→ **Task brief**
All records below are to be repeated precisely, with nothing added.

→ **Information supplied**

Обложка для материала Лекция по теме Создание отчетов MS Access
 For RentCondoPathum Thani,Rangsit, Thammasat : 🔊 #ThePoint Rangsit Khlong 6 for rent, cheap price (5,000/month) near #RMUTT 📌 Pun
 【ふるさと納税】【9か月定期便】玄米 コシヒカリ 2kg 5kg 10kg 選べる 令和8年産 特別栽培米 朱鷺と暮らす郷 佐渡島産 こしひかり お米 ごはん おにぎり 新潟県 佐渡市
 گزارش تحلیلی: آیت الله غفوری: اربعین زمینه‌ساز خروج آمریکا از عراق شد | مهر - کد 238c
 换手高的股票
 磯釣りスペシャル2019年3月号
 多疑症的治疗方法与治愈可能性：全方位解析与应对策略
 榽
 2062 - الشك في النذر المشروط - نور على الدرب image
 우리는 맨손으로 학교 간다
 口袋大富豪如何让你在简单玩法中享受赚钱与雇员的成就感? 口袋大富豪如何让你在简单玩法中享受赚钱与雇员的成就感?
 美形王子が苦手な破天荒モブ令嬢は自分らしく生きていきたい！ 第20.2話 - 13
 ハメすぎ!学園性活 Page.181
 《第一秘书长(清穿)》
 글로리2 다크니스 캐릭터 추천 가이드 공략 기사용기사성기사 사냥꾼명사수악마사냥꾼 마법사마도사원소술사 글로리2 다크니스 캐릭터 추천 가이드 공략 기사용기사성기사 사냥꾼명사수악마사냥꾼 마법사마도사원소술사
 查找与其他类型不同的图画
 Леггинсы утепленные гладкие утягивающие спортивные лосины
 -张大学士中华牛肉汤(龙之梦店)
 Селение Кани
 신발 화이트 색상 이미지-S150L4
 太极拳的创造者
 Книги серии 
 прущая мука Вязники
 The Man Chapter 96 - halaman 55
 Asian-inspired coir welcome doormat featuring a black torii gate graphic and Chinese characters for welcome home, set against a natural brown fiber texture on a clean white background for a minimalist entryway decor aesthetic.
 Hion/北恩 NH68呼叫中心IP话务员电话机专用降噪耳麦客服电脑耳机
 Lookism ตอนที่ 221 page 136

→ **Worked solution**
Обложка для материала Лекция по теме Создание отчетов MS Access
 For RentCondoPathum Thani,Rangsit, Thammasat : 🔊 #ThePoint Rangsit Khlong 6 for rent, cheap price (5,000/month) near #RMUTT 📌 Pun
 【ふるさと納税】【9か月定期便】玄米 コシヒカリ 2kg 5kg 10kg 選べる 令和8年産 特別栽培米 朱鷺と暮らす郷 佐渡島産 こしひかり お米 ごはん おにぎり 新潟県 佐渡市
 گزارش تحلیلی: آیت الله غفوری: اربعین زمینه‌ساز خروج آمریکا از عراق شد | مهر - کد 238c
 换手高的股票
 磯釣りスペシャル2019年3月号
 多疑症的治疗方法与治愈可能性：全方位解析与应对策略
 榽
 2062 - الشك في النذر المشروط - نور على الدرب image
 우리는 맨손으로 학교 간다
 口袋大富豪如何让你在简单玩法中享受赚钱与雇员的成就感? 口袋大富豪如何让你在简单玩法中享受赚钱与雇员的成就感?
 美形王子が苦手な破天荒モブ令嬢は自分らしく生きていきたい！ 第20.2話 - 13
 ハメすぎ!学園性活 Page.181
 《第一秘书长(清穿)》
 글로리2 다크니스 캐릭터 추천 가이드 공략 기사용기사성기사 사냥꾼명사수악마사냥꾼 마법사마도사원소술사 글로리2 다크니스 캐릭터 추천 가이드 공략 기사용기사성기사 사냥꾼명사수악마사냥꾼 마법사마도사원소술사
 查找与其他类型不同的图画
 Леггинсы утепленные гладкие утягивающие спортивные лосины
 -张大学士中华牛肉汤(龙之梦店)
 Селение Кани
 신발 화이트 색상 이미지-S150L4
 太极拳的创造者
 Книги серии 
 прущая мука Вязники
 The Man Chapter 96 - halaman 55
 Asian-inspired coir welcome doormat featuring a black torii gate graphic and Chinese characters for welcome home, set against a natural brown fiber texture on a clean white background for a minimalist entryway decor aesthetic.
 Hion/北恩 NH68呼叫中心IP话务员电话机专用降噪耳麦客服电脑耳机
 Lookism ตอนที่ 221 page 136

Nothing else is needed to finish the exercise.